On Oct. 7, 2001, detachments of Army Special Forces soldiers dropped into Afghanistan to launch the first counterattack against terrorist forces following 9/11.
Two days after Operation Enduring Freedom’s anniversary, Army Chief of Staff Mark Milley brought attention to the ongoing conflict in a speech Tuesday at the AUSA annual meeting in Washington.
“Amid all the headline news, it seems like we hardly notice we are still a nation at war in some places, and in others we are preventing war,” Milley said. “Seventeen years later, we have suffered about 58,000 killed and wounded, most of them Army soldiers, in a war that continues."
There are still 180,000 soldiers deployed in 140 countries, and as the Army prepares to make a shift from counterinsurgency options to more conventional wars, the number shows no sign of coming down.
“We give meaning to their sacrifice if we ensure those who follow in their footsteps are prepared for the challenges again,” he said.
In his fourth and final year at the Army’s top officer, Milley has been taking stock of the Army’s progress and looking ahead.

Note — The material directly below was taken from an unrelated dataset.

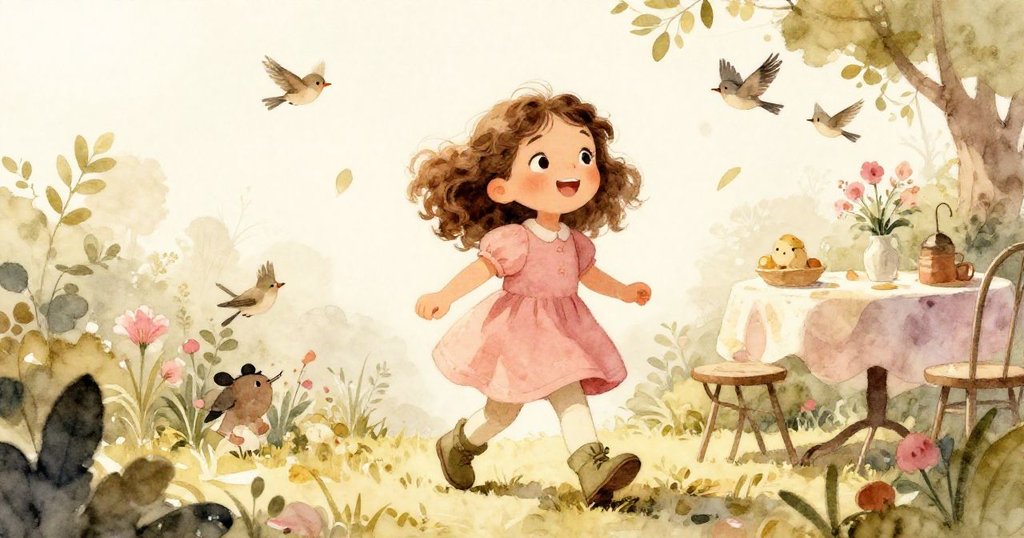 米婭自下而上被仰望著,快樂地走向庭院桌子,鳥兒鳴唱,綠葉隨風輕舞,陽光明媚,氣氛生動。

"America’s Army is on the mend after nearly two continuous decades of operations,” he said, with steady funding, an end strength push that could get units to 105 percent manning levels by 2023 and a new modernization command that will upgrade weapons, vehicles and equipment from nearly top to bottom.
Despite what some have thought, he said, future wars won’t be short or easily fought by air power from long distances.
“The faint clouds of a coming storm are visible on the horizon,” he said, with Russia and China bolstering their militaries and looking to expand their economic influence.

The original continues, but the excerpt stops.